The Benson Railroad Historic District is an area of Benson, Arizona, located near the site of a former passenger and freight depot. The area contains 16 structures, 11 buildings and 5 outbuildings, although the outbuildings are not considered contributing structures to the historic district.

==History==
Benson developed as a hub for three major railroads. This railroad era lasted from 1880 until 1910, and influenced Benson's architectural landscape for decades. The first railroad to arrive was the Southern Pacific in 1880, which led to the creation of Benson, which had been a stagecoach station, Ohnesorgen Stage Station. Since it was the only town in the area with a transcontinental connection, it grew rapidly. Benson served as the transportation hub for southeastern Arizona, where train passengers could take stagecoaches to the other towns in the region, such as Tombstone. It also served as the departing hub for the mineral products being produced in various mining districts near Clifton and Bisbee, and in the Galiuro and Rincon Mountains.
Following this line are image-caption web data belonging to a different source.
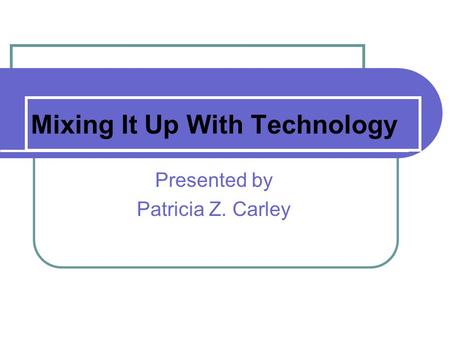 Mixing It Up With Technology Presented by Patricia Z. Carley.
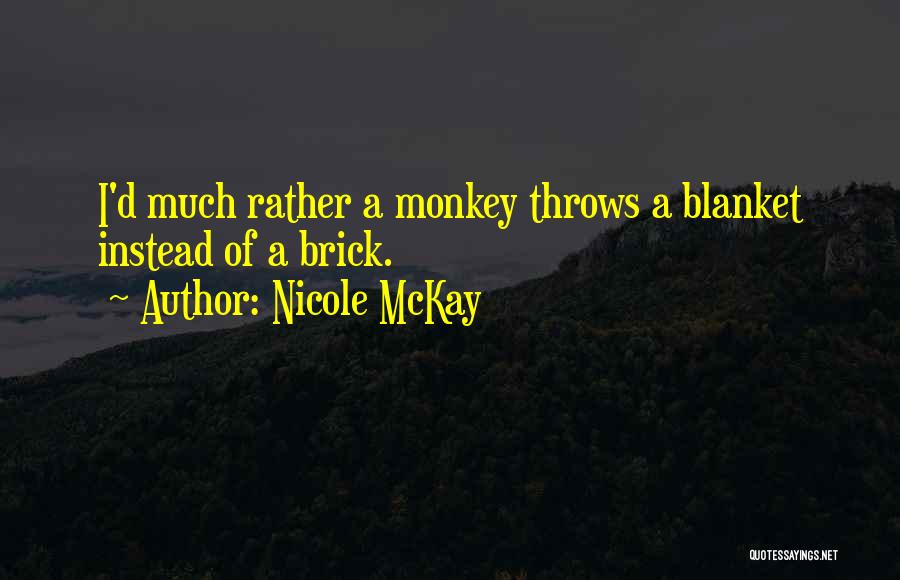 Nicole McKay Quotes: I'd Much Rather A Monkey Throws A Blanket Instead Of A Brick.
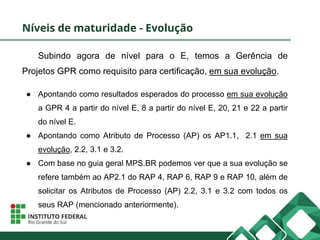 Níveis de maturidade - Evolução
Subindo agora de nível para o E, temos a Gerência de
Projetos GPR como requisito para certificação, em sua evolução.
● Apontando como resultados esperados do processo em sua evolução
a GPR 4 a partir do nível E, 8 a partir do nível E, 20, 21 e 22 a partir
do nível E.
● Apontando como Atributo de Processo (AP) os AP1.1, 2.1 em sua
evolução, 2.2, 3.1 e 3.2.
● Com base no guia geral MPS.BR podemos ver que a sua evolução se
refere também ao AP2.1 do RAP 4, RAP 6, RAP 9 e RAP 10, além de
solicitar os Atributos de Processo (AP) 2.2, 3.1 e 3.2 com todos os
seus RAP (mencionado anteriormente).
 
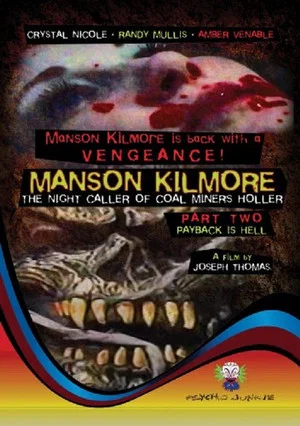 Постер: Manson Kilmore: The Night Caller of Coal Miners Holler Part 2 - Payback Is Hell
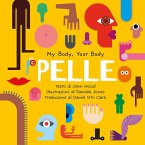 Pelle. My Body, Your Body Series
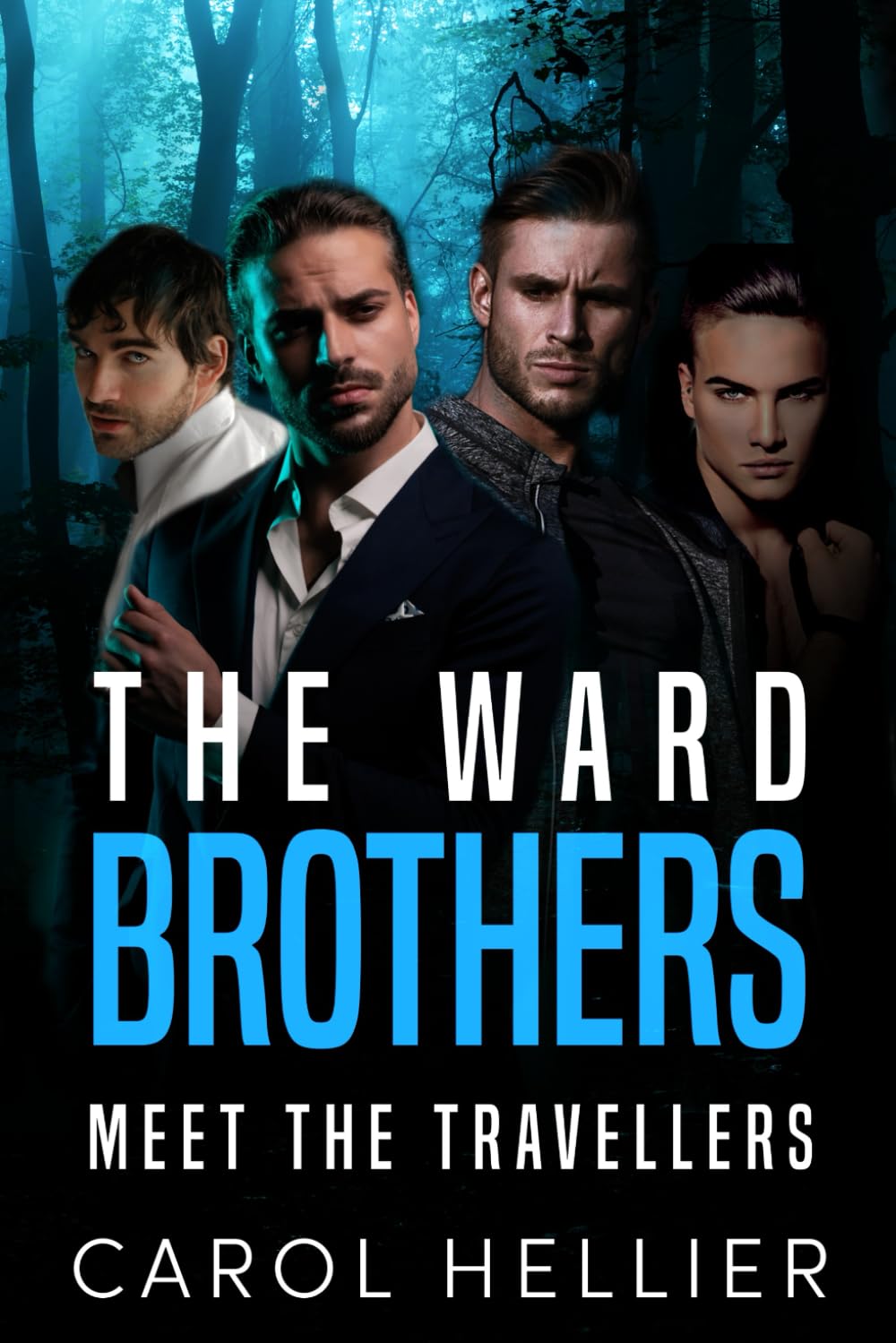 THE WARD BROTHERS book one: MEET THE TRAVELLERS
When the New Mexico and Arizona Railroad arrived in 1882, and the Arizona Southeastern Railroad Company in 1894, Benson became a "hub city" The Arizona Southeastern, owned by the Copper Queen Consolidated Mining Company in Bisbee, was built to ship the company's ore to Benson for shipment elsewhere. In 1894 Benson was the only point in Arizona which was served by three independent railroad lines.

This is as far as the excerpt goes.